My wife and I moved to Nashville in 1992 after we were married so that I could pursue songwriting. My first cut happened soon after we moved to town - a song titled "Flood the Altar" recorded by Brian Free and Assurance and co-written with my friends David Moffitt and Sue C. Smith. I was familiar with Southern Gospel growing up, but not a diehard fan like some. When I began trying to write CCM songs, some early publishers I met with felt like they were more southern in nature. And that first cut, in a way, set me on the path I'm on now. I never set out to be a "Southern Gospel" writer. I just wanted to write. And, for the most part, those songs have found their way to the southern gospel world.
Q: What usually inspires you to write?
It's funny... I just had this conversation with a songwriter friend the other day. Many days I don't really feel "inspired" to write. But I LOVE writing... so the act itself inspires me. Somedays I sit down to write worried that the well is dry, but I do it anyway. There's something about writing through to inspiration that I love. Just knowing that if I'll carve out the time and commit, I will eventually wind up at that "Aha!" moment.
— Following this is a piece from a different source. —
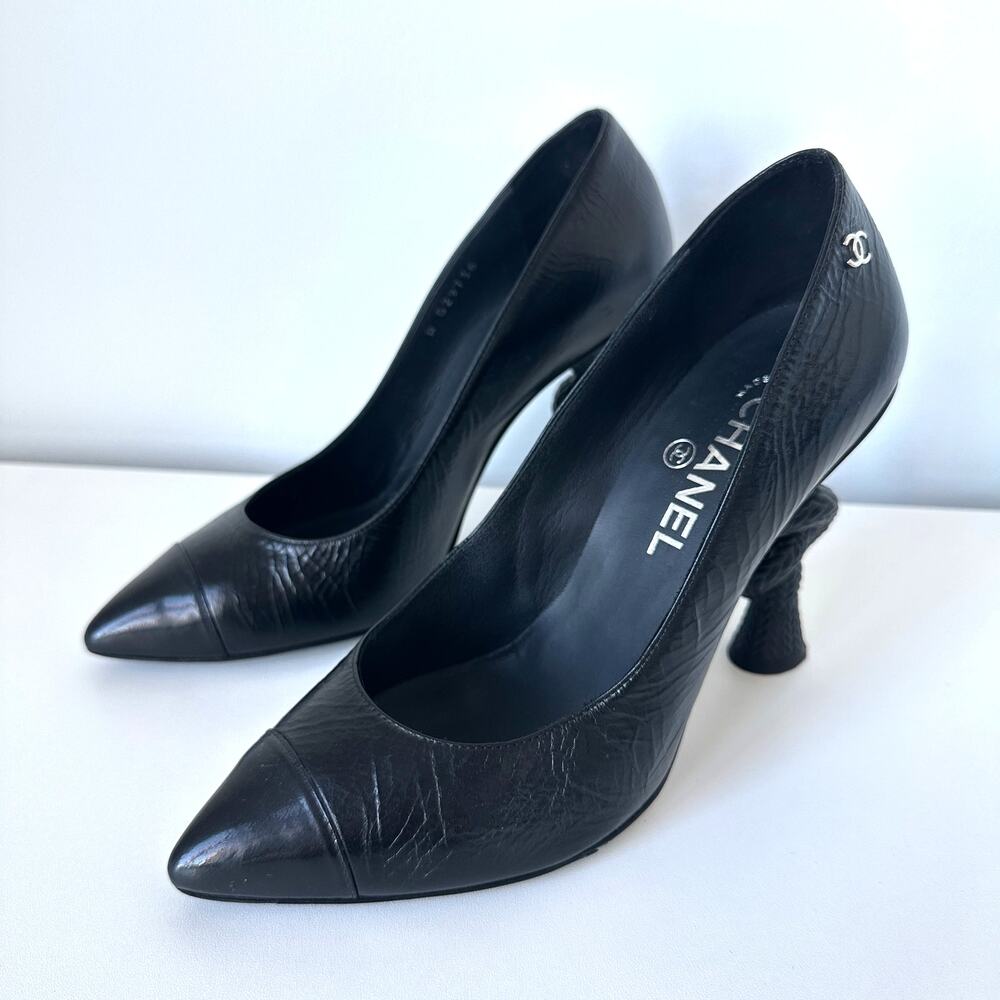 CHANEL 2014 CC Logo Cap Toe Knot Heel Pumps IT 37.5 Black - Picture 2 of 14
But I do always keep an ideas folder in the notes on my phone. I feel like my idea antennae are always up and scanning. I hear ideas and song titles in sermons, conversations, movies, etc. I read them in my personal devotional time and other books.
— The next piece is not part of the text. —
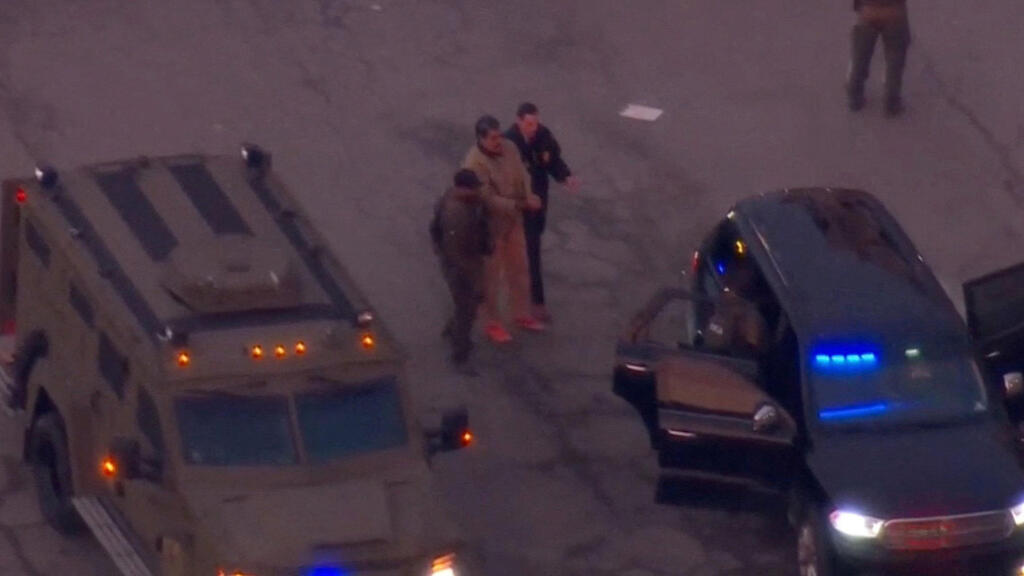 נשיא ונצואלה המודח ניקולס מדורו מובל ל בית משפט ב מנהטן ניו יורק ארה"ב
Q: How then did you get involved with Legacy 5?
Through the years I've sung a lot of my own song demos as well as demos for other writers. So I know Scott Fowler, owner and manager of Legacy Five, was familiar with my voice. When the tenor position came open several years ago, we had a conversation about my joining the group. Initially I was interested in the possibility. Then when Scott sent me all the songs in a typical Legacy Five concert, I got cold feet. Haha! That tenor position is rather vocally demanding, and I just didn't know if could sing three or four concerts a week. Scott talked into getting on the bus one weekend just to "test the waters." That weekend really piqued my interest. I had a great time with the guys and just really enjoyed singing the concerts.
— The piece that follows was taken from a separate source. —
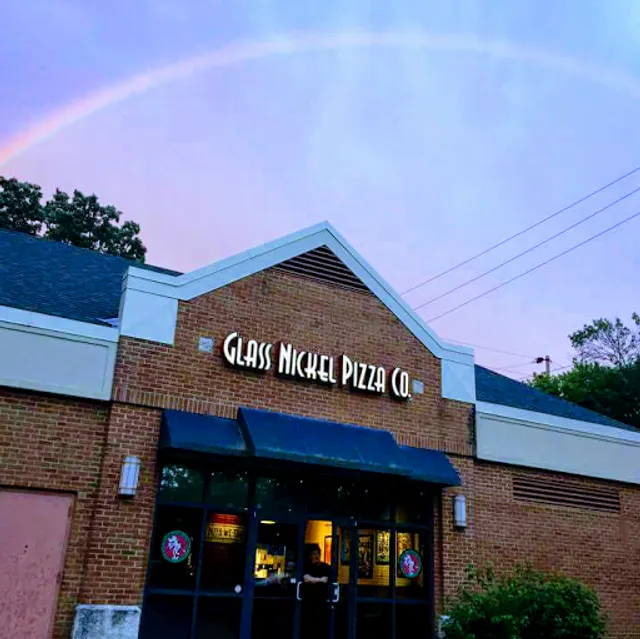 Glass Nickel Pizza Co. – Brookfield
Q: Besides your involvement with Legacy 5, you also have a new album out. How did this album come about?
I feel like I learned to write songs by reading hymns. When I was a kid, there was no such thing as children's church... it was straight to big church after the nursery! No offense to any pastors, but I passed the time during the sermon flipping through the hymnal. I fell in love with the language, the cadence, and melodies of all those great hymns of the Church. So when I started writing songs, hymn writing felt like a natural place to go. For some reason, it was hard to get any of those modern hymns cut by other artists. With an ever growing catalog of them, my excellent publisher, Rick Shelton, came to me with idea of recording some of them for myself. So I picked out some of my favorites and we did just that.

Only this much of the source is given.